All images © Angelo Vignali

Angelo Vignali (1987) is an artist based in Milan. His interest is focused on personal and vernacular narratives that show universal themes. He investigates the relationship between memory and time through the use of different media such as archive photos, sculpture and installations. He creates short visual circuits that reflect on how these elements influence our perception of reality. His primary sources are the objects and photographs taken from family albums: these documents tell a personal narrative that crosses over the record history of significant events.

When he was a child, he developed an interest in cameras and dealt with “photographic objects of the time”. In a way “photography was not a discovery of something, it was a decision to deepen something that has always been there, because it was part of my daily life” as Vignali says.

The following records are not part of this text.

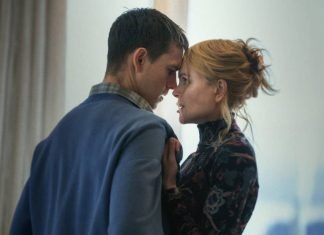 Nicole Kidman brilla en las provocadoras escenas de “Babygirl”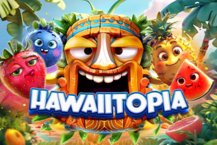 Hawaiitopia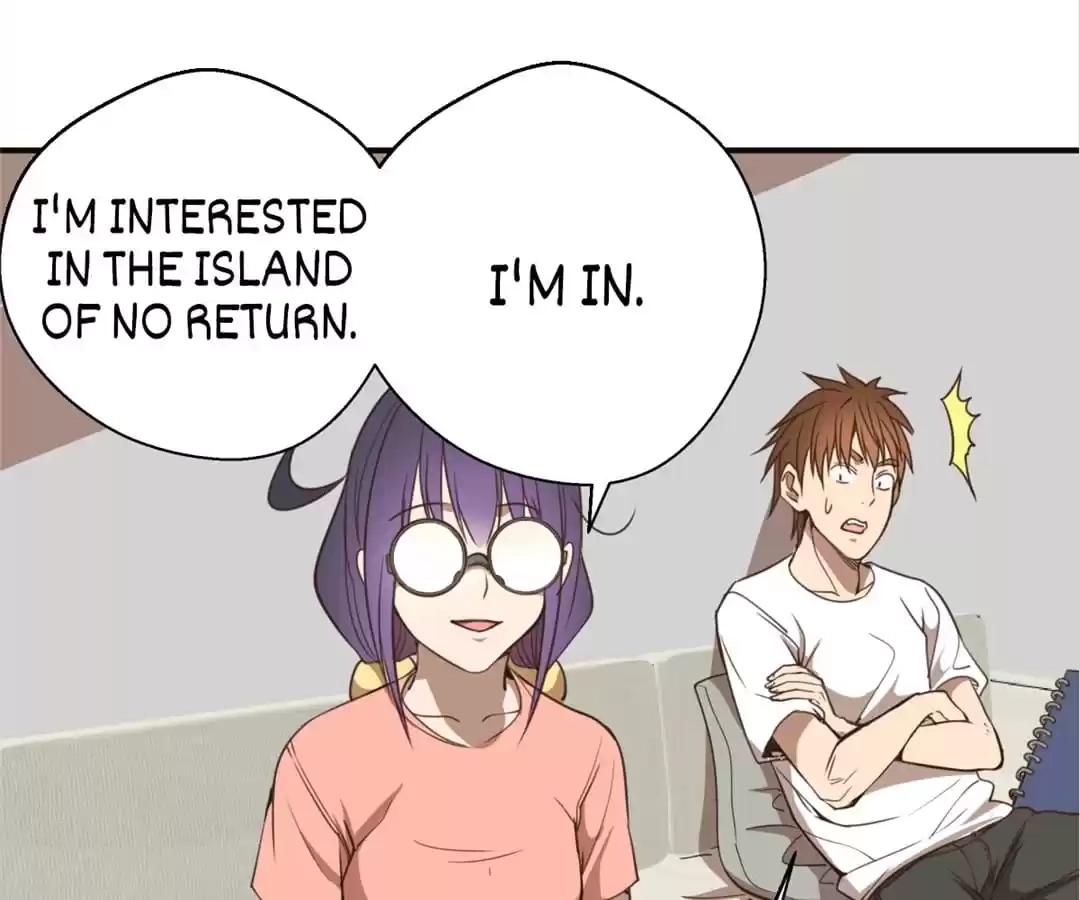 Read The Advanced Soul chapter 34 image 75 on Lezhin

Indeed, after he graduated in Architecture from the Polytechnic of Genoa, he obtained a master’s degree in Photography at Iuav University of Venice.
His first book, Flattened in Time and Space, published by Witty Books (2020) was shortlisted at the MACK First Book Award and the Fiebre Dummy Award and was then exhibited at the MAR – Museum of Art in the city of Ravenna.
In 2021 his new project, How to Raise a Hand, was shortlisted for the Images Vevey Book Award and Self Publish Riga. The work won the Open Call of Images Gibellina and received the special mention of the Andy Rocchelli Grant of Cesura. In 2022 How to Raise a Hand is published by Witty Books and exhibited in the Belfast Photo Festival and as a solo exhibition at MUCHO MAS! (Turin).

His proximity to images grew also thanks to the influence of his family; his father was an illustrator and was using photos as a reference point for his drawings and his mother had a strong interest in cameras and darkrooms. The creation of this imaginary around family albums has its roots back in time and this element is carried on also in his first project Flattened in Time and Space where the author uses the photos from his family albums and reconstructs the plot through a reassembly process.

It seems extraordinary how everyday objects manage to create a relationship with time and space by erasing these two categories.

“When you lose a person, you find yourself dealing with the objects that this person leaves you, of course we have our memories but it is incredible how these memories begin to truly fade over time.” How to Raise a Hand is a project that begins with the discovery of a box containing 313 cut-out darkroom prints of the fingers of the artist’s father, who passed away in 2018. “I was struck by the fact that these prints were a part of his body, and his hands were really similar to mine. The Body when a person passes away is no longer there, it seems trivial but it is so. You long to feel touching a person’s hand and his warmth.”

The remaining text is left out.